UK video-on-demand (VoD) pioneer Yes Television is to seek private finance having today called a halt to its London stockmarket flotation for the second time.

Earlier this month Yes TV cut its planned sale price from 225p-275p a share to just 175p in an effort to get the float away in the currently volatile conditions for technology, media and telecoms companies. But it seems that as a small company in a fast-changing sector it may have been trying to raise too much. Even at the reduced price the company was seeking a valuation of $840m and was seeking fresh cash of $225m. It is not clear whether Buena Vista and Warner Bros International Television will retain their minority stakes in Yes or whether they will provide some of the cash now being sought from investors.

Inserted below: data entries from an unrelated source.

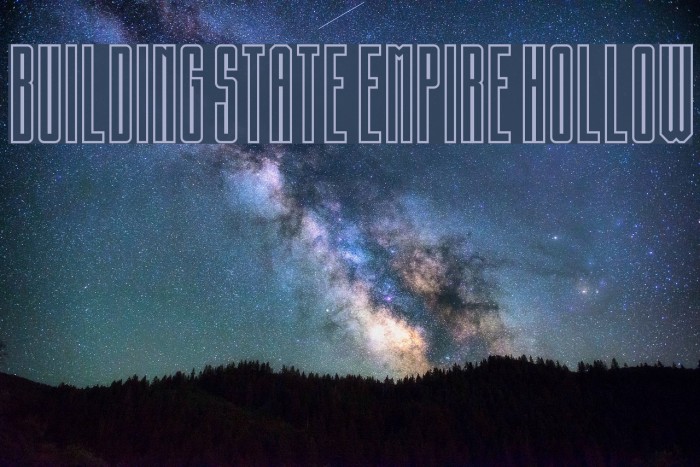 Building State Empire Hollow Font examples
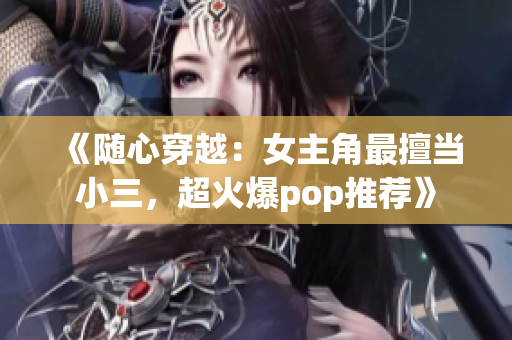 《随心穿越：女主角最擅当小三，超火爆pop推荐》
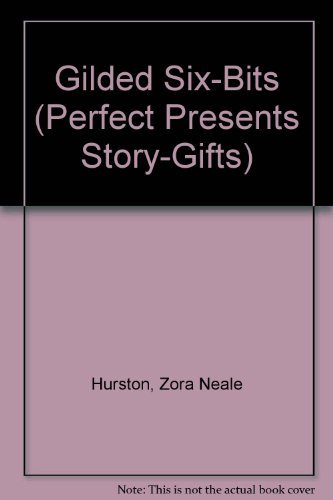 Gilded Six-Bits (Perfect Presents Story-Gifts) - Neale Hurston, Zora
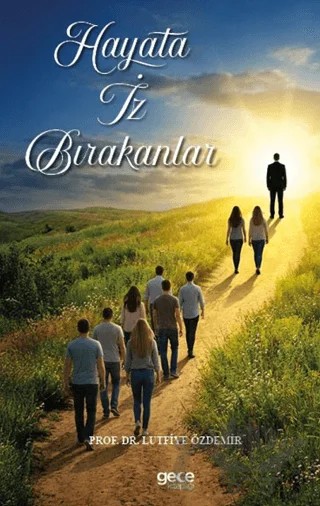 Hayata İz Bırakanlar – Lütfiye Özdemir – Gece Kitaplığı kitap kapağı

Yes' float was also hampered by rumours - also confirmed today - of a split with Kingston Communications, its partner of long date. Kingston now plans to form an alliance with Colt Telecom and share the construction of a national fibre-optic network in order to become a UK-wide telecoms and digital TV provider. It will replace Yes as its VoD supplier, but has yet to name the successor. Yes is owned by management, employees and private investors.

Yes needs cash to roll out its services nationwide from its limited home market, the northern English town of Kingston-upon-Hull, and to buy in programming. It says it has free cash resources of some $60m.

Yes has been running pilot services in Cardiff over cable networks controlled by NTL. And next month it will begin a national roll-out of VoD via British Telecom's DSL phone lines under a joint venture BT Yes Television. Yes claims that this makes it the first company in Europe capable of delivering VoD services on different platforms.